Quant au reste du trésor de Nader, dont le Daryaye Noor, il est également conservé à la Banque Centrale, où il constitue une partie de l’encaisse métallique de l’Etat iranien.
Pour ce qui est du Kouh-é-Nour, son destin fut des plus romanesques. Il resta en possession des successeurs de Nader Chah, jusqu’au jour où son petit-fils, Chahrokh Mirza qui régnait alors sur la seule province du Khorassan, eut à subir les pires tortures des mains d’un puissant chef de tribu de la région qui exigeait que Chahrokh lui dévoile la précieuse cachette. Ce dernier fut sauvé in extremis par Ahmad Chah Durrani, un ancien général de son grand-père et fondateur du royaume d’Afghanistan, qui se vit offrir la pierre en guise de reconnaissance. Pesant alors 186 carats, elle demeura à Kaboul plus de soixante ans, et fut témoin des drames sanglants qui déchirèrent les descendants d’Ahmad Chah. Le petit-fils de celui-ci, Zaman Chah, était en possession du Kouh-é-Nour lorsqu’il_fut déposé du trône, rendu borgne et enfermé dans une citadelle, par son frère Mahmoud. Le monarque déchu réussit toutefois à préserver le Kouh-é-Nour de la convoitise de son bourreau, et grâce à la complicité d’un de ses geôliers, le fit plâtrer dans le mur de sa cellule. Peu de temps s’écoula avant que Mahmoud ne fût à son tour détrôné et emprisonné par un troisième frère, Chah Chodja. Celui-ci libéra aussitôt Zaman Chah qui, en signe de gratitude, lui remit le joyau. Six ans plus tard, Mahmoud s’évada de prison et reconquit la couronne, obligeant ses frères Zaman et Chuja à chercher refuge auprès de Ranjit Singh, le maharaja du nouveau royaume sikh du Pendjab.

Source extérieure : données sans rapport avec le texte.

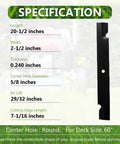 Specifications for High Lift Mower Blades Set For 60 Inch Mowers All In One Blade Kit with dimensions and thickness details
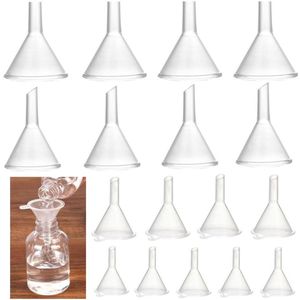 Allecto Plus - Mini-trechter set van 40 transparante kunststof trechters voor parfum en specerijen - Reis mini-trechter set in 4 maten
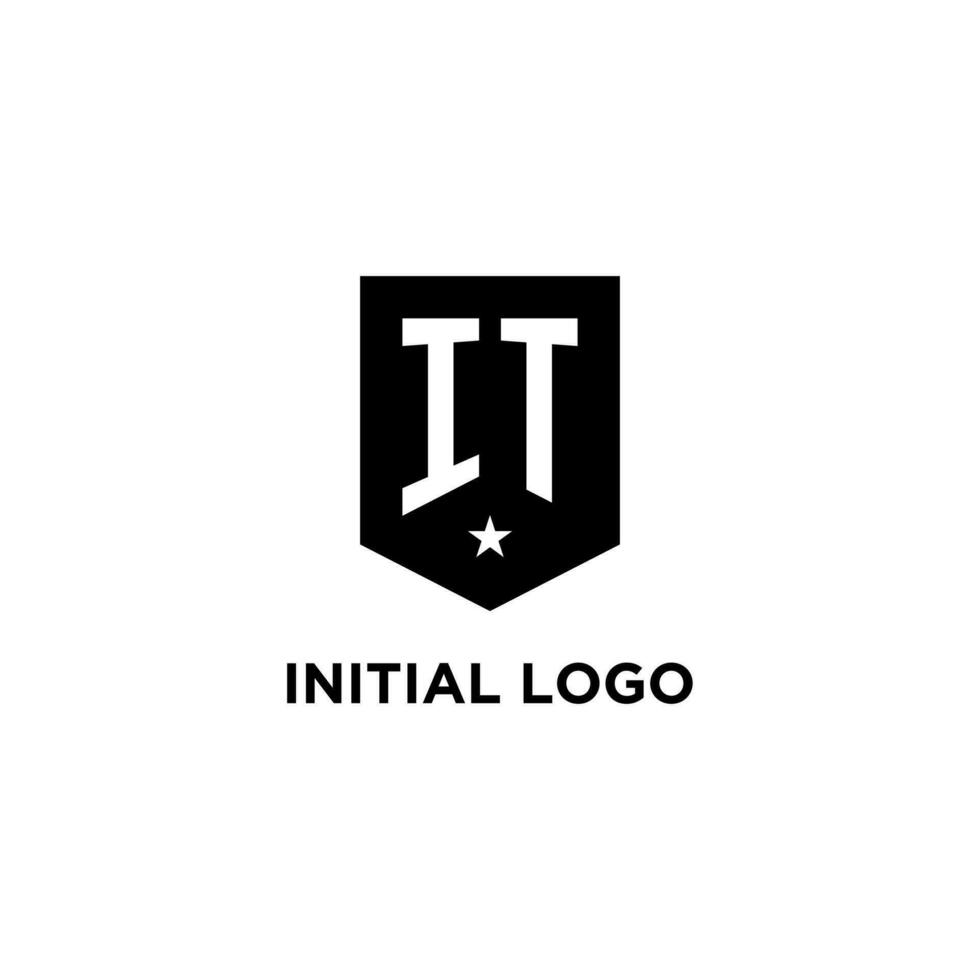 IT monogram initial logo with geometric shield and star icon design style vector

Avide de femmes, de chevaux et de pierres précieuses, Ranjit Singh fit tout ce qui était en son pouvoir pour extorquer le fameux diamant à son hôte, allant jusqu’à le priver de nourriture lui et sa famille jusqu’à ce que mort s’ensuive. Etant entré en possession de la pierre, il l’incrusta dans un brassard qu’il portait lors des cérémonies officielles. A la mort de Ranjit Singh, en 1839, ses trois fils, Kharak Singh, Sher Singh et Dhalip Singh héritèrent tour à tour du Kouh-é-Nour, devenu désormais un symbole de souveraineté.
Entre-temps, le gouverne-ment britannique des Indes avait jeté son dévolu sur le Pendjab. Les guerres anglo-sikhs de 1848 et 1849 lui en assurèrent d’abord le protectorat, puis la souveraineté. Le 29 mars 1849, le Conseil de Régence et le maharaja Dhalip Singh ratifiaient l’acte de soumission du Pendjab à la Grande-Bretagne. Au terme de ce document, le Kouh-é-Nour fut cédé à la reine Victoria. Au même moment, lord Dalhousie, gouverneur général des Indes et architecte de la conquête du nouveau territoire, écrivait à ses supérieurs à Londres : " Ce n’est pas tous les jours qu’un officier du gouvernement ajoute quatre millions de sujets à l’Empire britannique et place le joyau historique des Grands Moghols sur la couronne de son souverain. Cela, je l’ai accompli. "
La reine Victoria fit enchâsser le diamant dans sa petite couronne. Depuis 1937, il formait l’ornement principal de la couronne de la reine mère d’Angleterre. Retaillé en 1852, son poids est aujourd’hui de 108,93 carats.